Driving to Grizzly's Muncy PA store tomorrow to pick up a G0704 and a 3 axis DRO. I have already found some useful info in this forum.
I downloaded the manual and it shows anchoring the base to the floor or using leveling pads. Any advise on this would be helpful.
Thanks, John


----------



## wachuko (Aug 28, 2015)

Congratulations!!

I am new to this and recently got one of those as well... I just made sure that the floor was leveled, drilled, drop the anchor, and bolted away... There was really not much more to it...


----------



## 6mmBR (Aug 28, 2015)

That will most likely be my next purchase. I have to straighten up my garage to make room for it first. I've been researching different mills, and I keep coming back to the 704 for some reason.


----------



## wachuko (Aug 28, 2015)

6mmBR said:


> That will most likely be my next purchase. I have to straighten up my garage to make room for it first. I've been researching different mills, and I keep coming back to the 704 for some reason.
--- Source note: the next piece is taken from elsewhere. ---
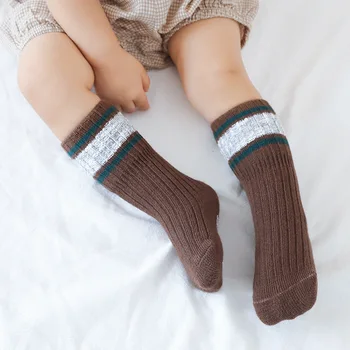 Naujas baby neslidus kojinės vaikams medvilnės kojinės dviguba adata kūdikių kojinės kūdikiui žiemos kojinių neslidus storio grindų kojinės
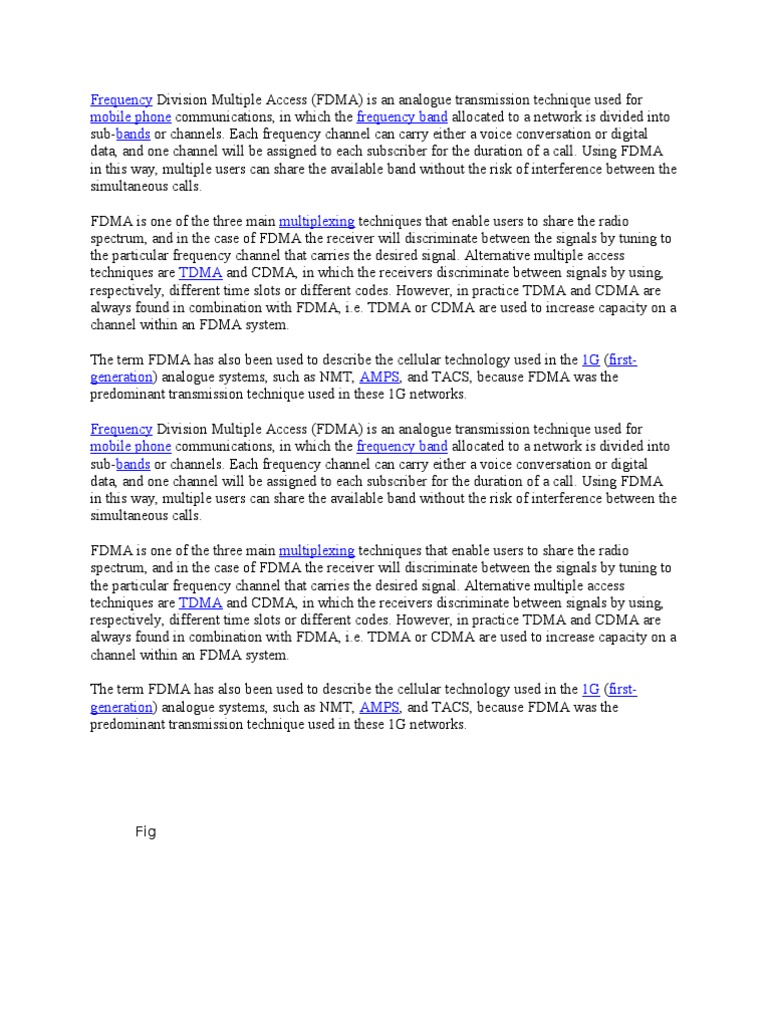 FDMA: Analogue Mobile Transmission | PDF | Channel Access Method | Code ...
You should also consider the PM-25MV ... I am new to all this and went with the G0704.  But if I had done my research better, I would had gone with the PM-25MV.  If only for the belt drive and motor that it has... the rest of the machine is pretty much the same as the G0704.  Researching, I can't do the belt modification and motor for the 300.00 price difference...  just a thought.

In my case, does not matter now...


----------



## rasmillion (Aug 29, 2015)

I have a similar mill, a bf-20 clone made by king industrial. I currently don't have it bolted to the concrete floor in my shop. This can cause a lot of vibration and has caused the set screw that holds the digital readout on the quill to vibrate right out. I recommend to bolt it down ASAP


Sent from my iPhone using Tapatalk


----------